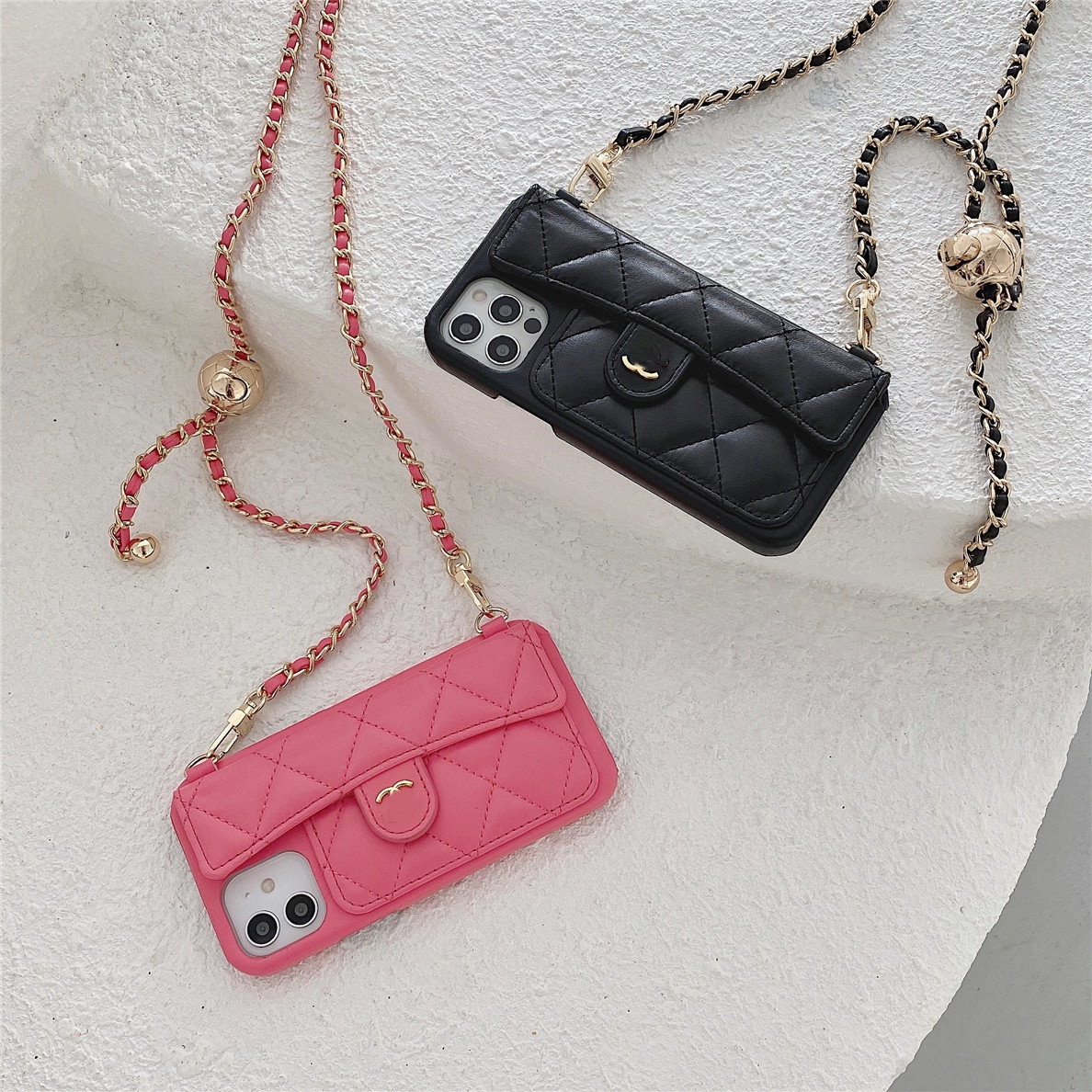 For iPhone 16 Pro Max Case Crossbody Phone Case Designer Apple iPhone 14 ProMax 13 12 11 15 Plus 16 Plus phone Case Card Holder Luxury Leather Case Chain Strap Lanyard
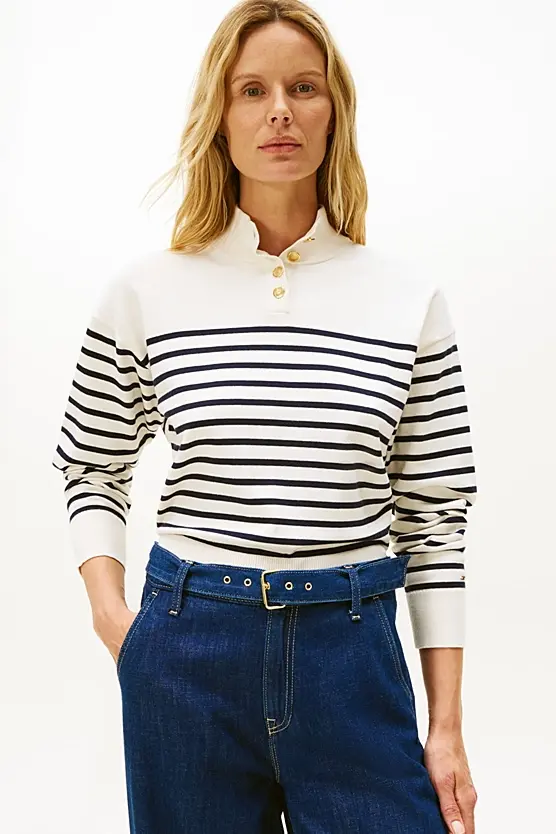 TOMMY HILFIGER JERSEY GOLD BTN MOCK-NK SWEATER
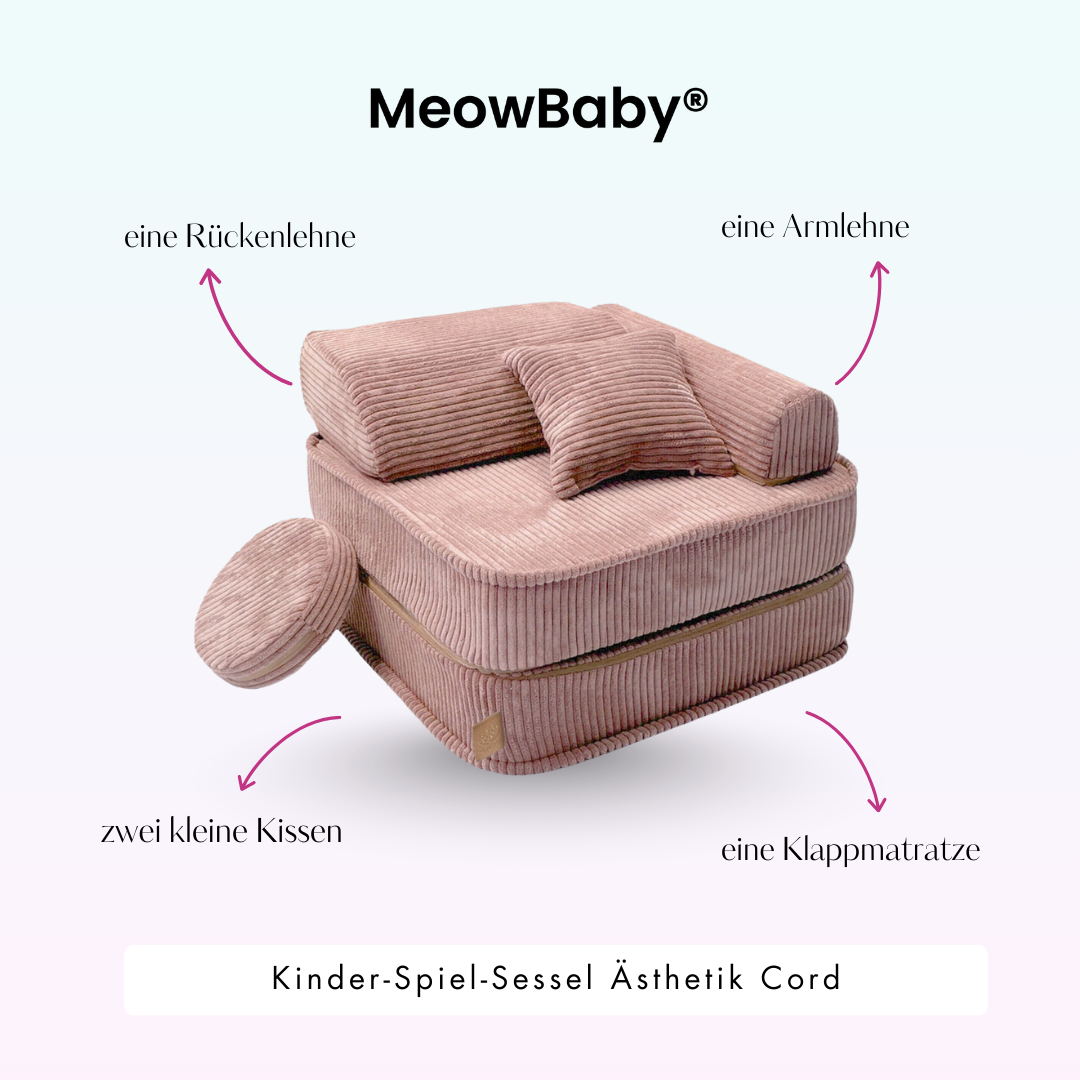 Kindersessel 3-in-1 Ästhetik Cord - Faltbare Kindercouch & Spielmatratze - Classic Cord Edition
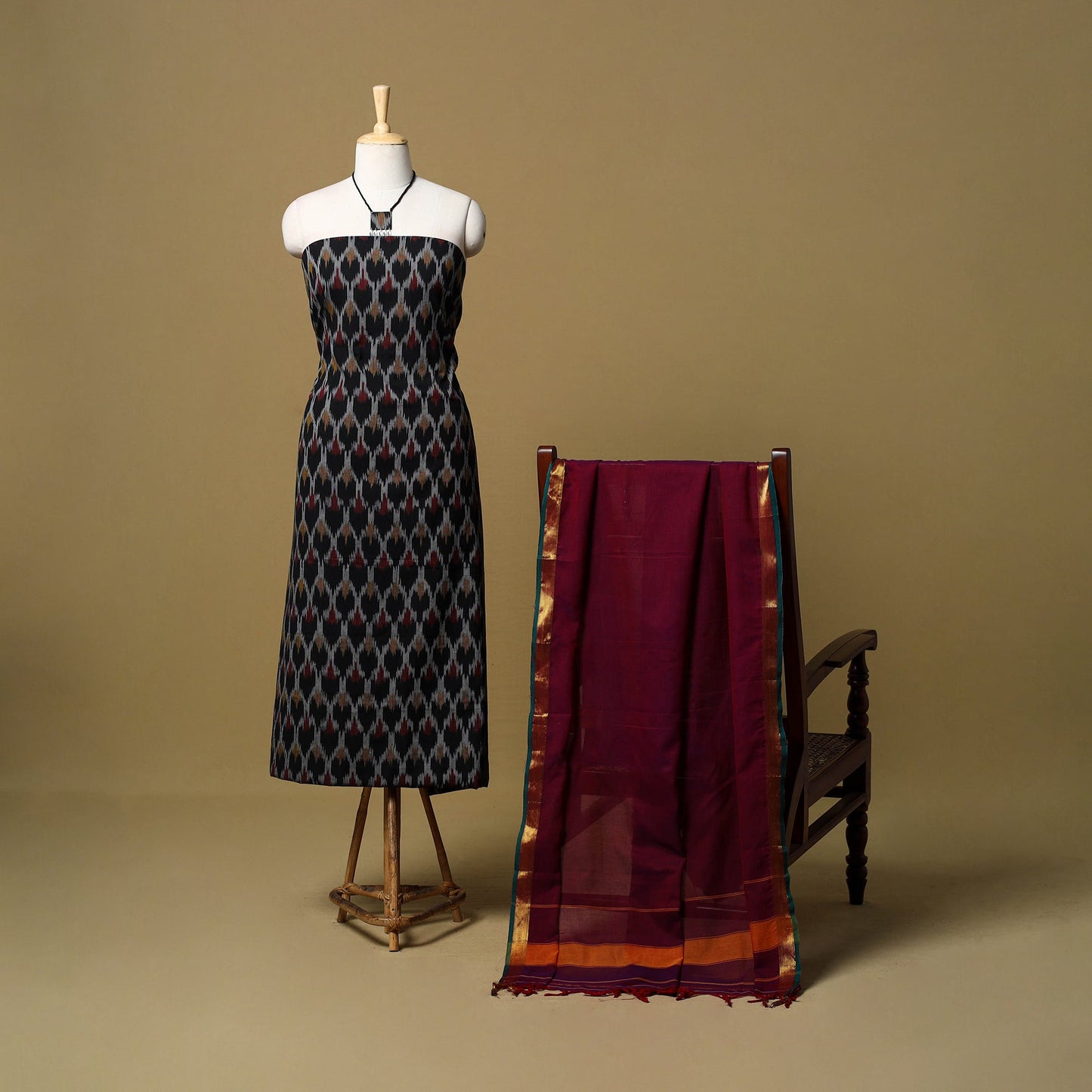 Pochampally ikat cotton 2pc unstitched dress material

§ §

■ INSTRUCTIONS TO FOLLOW ■
Reproduce the full listing faithfully, but do not carry over any pictures.

■ RESPONSE AREA ■
 For iPhone 16 Pro Max Case Crossbody Phone Case Designer Apple iPhone 14 ProMax 13 12 11 15 Plus 16 Plus phone Case Card Holder Luxury Leather Case Chain Strap Lanyard
 TOMMY HILFIGER JERSEY GOLD BTN MOCK-NK SWEATER
 Kindersessel 3-in-1 Ästhetik Cord - Faltbare Kindercouch & Spielmatratze - Classic Cord Edition
 Pochampally ikat cotton 2pc unstitched dress material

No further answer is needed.